Sandwich Manf. Co. v. Max

Decision Date03 March 1894
Citation58 N.W. 14,5 S.D. 125
CourtSouth Dakota Supreme Court
PartiesSANDWICH MANUFACTURING CO. et al., Plaintiff and appellant, v. MAX et al, dba Max & Baisch, a partnership, Defendants and respondents.

Appeal from Circuit Court, Bon Homme County, S.D.

Hon. E. G. Smith, Judge

Affirmed

J. D. Elliott, D. C. Shull and F. D. Wicks

Attorneys for appellants.

French & Orvis, Yankton, S.D.

Attorneys for respondents.

Opinion filed March 3, 1894

KELLAM, J.

We think the following statement at the head of appellants’ brief is a fair presentation of the facts in this case, and we adopt it as the basis of this opinion:

“On or about April 15, A.D. 1892, defendants Max & Baisch were a copartnership engaged in the retail hardware business and the selling of farm machinery at Scotland, this state. Their stock of goods, book accounts, and all their other property in which they had a valuable interest or any substantial equity as a partnership or individuals were of the nominal value of ten ($10,000) thousand dollars, the cash value of which was $7,000 to $8,000. Their indebtedness exceeded fifteen thousand ($15,000) dollars. Among their creditors were the respondents Solomon and J. C. Wenzlaff, of Yankton, this state, to whom they owed seven thousand ($7,000) dollars. The said Wenzlaffs knew that Max & Baisch were hopelessly insolvent on or about said last named date. The said Max & Baisch, knowing that they could not continue their business longer, and that they must abandon the same, executed a bill of sale and deed of their said stock and book accounts, and all their other property in which they had any substantial interest or equity, either as a partnership or individuals, to the respondents Wenzlaff, in payment of their indebtedness of seven thousand ($7,000) dollars. Immediately on the delivery of said bill of sale and deed, the said Wenzlaffs took possession of all the property so transferred, and have continued to operate the store and run the same in their own names since. Said transfer of Max & Baisch left them without any property or means with which to satisfy or pay their indebtedness to any of their other creditors. This action was in stituted by the plaintiffs, for themselves and all other creditors of Max & Blaisch, for the purpose of having said deed and bill of sale and transfer declared an assignment with intent to give said Wenzlaffs preference in the collection of their debts over the other creditors of Max & Baisch, and that it created a trust for the benefit of all the creditors of said Max & Baisch, under the provisions of Section 4660 of the Compiled Laws of the state of South Dakota. No appearance was entered for Max & Baisch, but their codefendants, vendees of said property, filed a general demurrer to the complaint herein, setting up that the complaint does not state facts sufficient to constitute a cause of action against them. The demurrer was submitted to the court and the same sustained.”

The plaintiffs appealed.

From this statement we draw the following facts: Max & Baisch were justly indebted to the Wenzlaffs in the sum of $7,000. In payment of such indebtedness they conveyed to them property whose cash value was $7,000 to 8,000. The property so conveyed constituted substantially their entire means, and resulted, as they knew it wouid, in the dissolution and discontinuance of their business. The Wenzlaffs knew that such conveyance and payment to them took and absorbed substantially all the property of Max & Baisch, and that it would necessitate the abandonment of their business. Max & Baisch were at the time largely indebted to other creditors, including the plaintiffs in this action, who were left, by such conveyance and payment to the Wenzlaffs, entirely unprovided for. The question to be determined is directly this: Is it the legal effect of these facts to make such conveyance to the Wenzlaffs an assignment by Max & Baisch for the benefit of their creditors? At common law, a debtor in failing circumstances may use any or all of his property to pay one or more creditors in preference to others. 2 Kent, Comm. 532; Burrill, Assignm., § 160. In this state this right of the debtor is expressly declared by statute.

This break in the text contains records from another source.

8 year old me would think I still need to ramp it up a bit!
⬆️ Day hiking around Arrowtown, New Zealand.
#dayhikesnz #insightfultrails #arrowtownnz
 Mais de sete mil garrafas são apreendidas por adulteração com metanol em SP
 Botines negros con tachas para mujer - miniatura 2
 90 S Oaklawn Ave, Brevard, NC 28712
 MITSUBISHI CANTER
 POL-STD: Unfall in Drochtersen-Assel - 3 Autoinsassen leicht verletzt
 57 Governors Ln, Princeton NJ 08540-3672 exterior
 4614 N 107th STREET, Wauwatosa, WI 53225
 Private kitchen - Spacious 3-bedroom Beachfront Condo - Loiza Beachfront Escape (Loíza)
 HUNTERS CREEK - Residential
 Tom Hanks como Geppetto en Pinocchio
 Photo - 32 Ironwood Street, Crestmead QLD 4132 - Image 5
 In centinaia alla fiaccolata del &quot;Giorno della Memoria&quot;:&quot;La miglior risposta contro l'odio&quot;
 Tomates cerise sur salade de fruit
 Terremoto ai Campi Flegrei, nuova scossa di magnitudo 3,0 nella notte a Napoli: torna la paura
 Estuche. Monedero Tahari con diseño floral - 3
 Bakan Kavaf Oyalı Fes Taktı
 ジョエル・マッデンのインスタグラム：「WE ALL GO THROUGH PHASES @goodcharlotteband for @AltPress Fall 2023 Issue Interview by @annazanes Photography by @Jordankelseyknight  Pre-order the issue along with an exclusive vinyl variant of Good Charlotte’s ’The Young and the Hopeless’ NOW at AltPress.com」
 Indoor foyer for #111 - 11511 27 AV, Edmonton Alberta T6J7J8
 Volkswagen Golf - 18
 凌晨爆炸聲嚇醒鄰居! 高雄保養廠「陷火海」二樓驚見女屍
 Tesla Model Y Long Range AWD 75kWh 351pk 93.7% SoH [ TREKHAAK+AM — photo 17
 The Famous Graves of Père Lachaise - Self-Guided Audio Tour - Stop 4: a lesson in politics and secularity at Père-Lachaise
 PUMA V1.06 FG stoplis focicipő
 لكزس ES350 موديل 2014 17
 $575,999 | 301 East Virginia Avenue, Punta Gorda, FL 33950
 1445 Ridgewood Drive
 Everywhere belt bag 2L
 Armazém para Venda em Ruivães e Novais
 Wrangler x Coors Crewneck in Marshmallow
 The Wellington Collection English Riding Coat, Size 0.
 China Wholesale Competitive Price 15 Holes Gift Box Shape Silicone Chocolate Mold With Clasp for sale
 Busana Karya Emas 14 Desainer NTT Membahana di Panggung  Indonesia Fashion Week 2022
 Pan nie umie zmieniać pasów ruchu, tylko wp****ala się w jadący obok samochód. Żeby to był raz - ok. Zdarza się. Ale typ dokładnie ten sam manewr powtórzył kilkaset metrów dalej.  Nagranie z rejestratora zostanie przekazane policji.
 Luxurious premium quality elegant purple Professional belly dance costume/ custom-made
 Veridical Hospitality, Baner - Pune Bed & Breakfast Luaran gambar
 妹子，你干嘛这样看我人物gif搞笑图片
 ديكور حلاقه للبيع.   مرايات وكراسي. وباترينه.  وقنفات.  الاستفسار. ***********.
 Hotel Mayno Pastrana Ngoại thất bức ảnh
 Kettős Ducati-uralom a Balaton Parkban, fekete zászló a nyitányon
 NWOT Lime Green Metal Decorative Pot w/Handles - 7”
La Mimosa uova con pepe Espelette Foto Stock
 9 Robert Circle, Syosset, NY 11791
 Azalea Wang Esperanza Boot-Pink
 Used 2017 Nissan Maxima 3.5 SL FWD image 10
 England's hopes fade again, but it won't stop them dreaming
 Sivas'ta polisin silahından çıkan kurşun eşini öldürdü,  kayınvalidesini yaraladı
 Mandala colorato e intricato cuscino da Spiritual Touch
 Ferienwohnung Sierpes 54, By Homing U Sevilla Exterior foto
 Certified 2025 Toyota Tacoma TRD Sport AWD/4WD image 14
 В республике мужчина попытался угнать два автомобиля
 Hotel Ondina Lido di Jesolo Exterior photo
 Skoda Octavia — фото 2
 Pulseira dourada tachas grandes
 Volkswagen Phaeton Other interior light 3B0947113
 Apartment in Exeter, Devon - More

“A debtor may pay one creditor in preference to another, or may give one creditor security for the payment of his demand in preference to another.”

Comp. Laws, § 4654. This provision simply codifies the common law, and, unless qualified by other statutory provisions, the right of a debtor to select and prefer one creditor to another remains as at common law. And it is very clear that Max & Baisch, in making such payment to the Wenzlaffs, were exercising a right recognized and assured to them both by the common and statutory laws, unless such right has been limited or restrained by other provisions of the statute; and this is what is claimed by appellants is done by the statute regulating assignments in trust by insolvent debtors for the benefit of their creditors. Section 4660, Comp. Laws, is as follows:

“An insolvent debtor may, in good faith, execute an assignment of property to one or more assignees, in trust towards the satisfaction of his creditors, in conformity to the provisions of this title; subject, however to the provisions of this code relative to trusts and to fraudulent transfers, and the restrictions imposed by law upon an assignment by special partnerships, by corporations or by other specified classes of persons; provided, moreover, that such assignment shall not be valid if it be upon, or contain any trust or condition by which any creditor is to receive a preference or priority over any other creditor; but in such case the property of the insolvent shall become a trust fund to be administered in equity, in the district court, and shall inure to the benefit of all the creditors in proportion to their respective claims or demands.”

Unenlightened

and uninfluenced by several judicial decisions, some of which it will be necessary to notice hereafter, I think I should understand these provisions,—the one declaring the right of a debtor to prefer particular creditors, and the other regulating the making and declaring the effect of a general assignment in trust for the benefit of all creditors—to be distinct and independent provisions, either of which was available to a debtor. That two different courses were open to every debtor, he might, as provided in said Section 4654, use any or all his property to pay or secure any creditor in preference to others, or he might, as provided in said Section 4660, turn over all his property to a trustee for the benefit of all his creditors ratably. If he chooses to adopt the former course of paying or securing a preferred creditor, he must keep himself and the transaction within the rules of honesty and good faith as defined by the law. If he adopts the latter course of making a general assignment, he must follow the requirements of the statute authorizing and regulating such assignment; and, if in or by such assignment he undertakes to prefer one creditor to another, the consequence prescribed by such statute will follow. That the question is not one of morals, to be measured by the conscience of the court, but of law, to be tested by the enactments of the legislature.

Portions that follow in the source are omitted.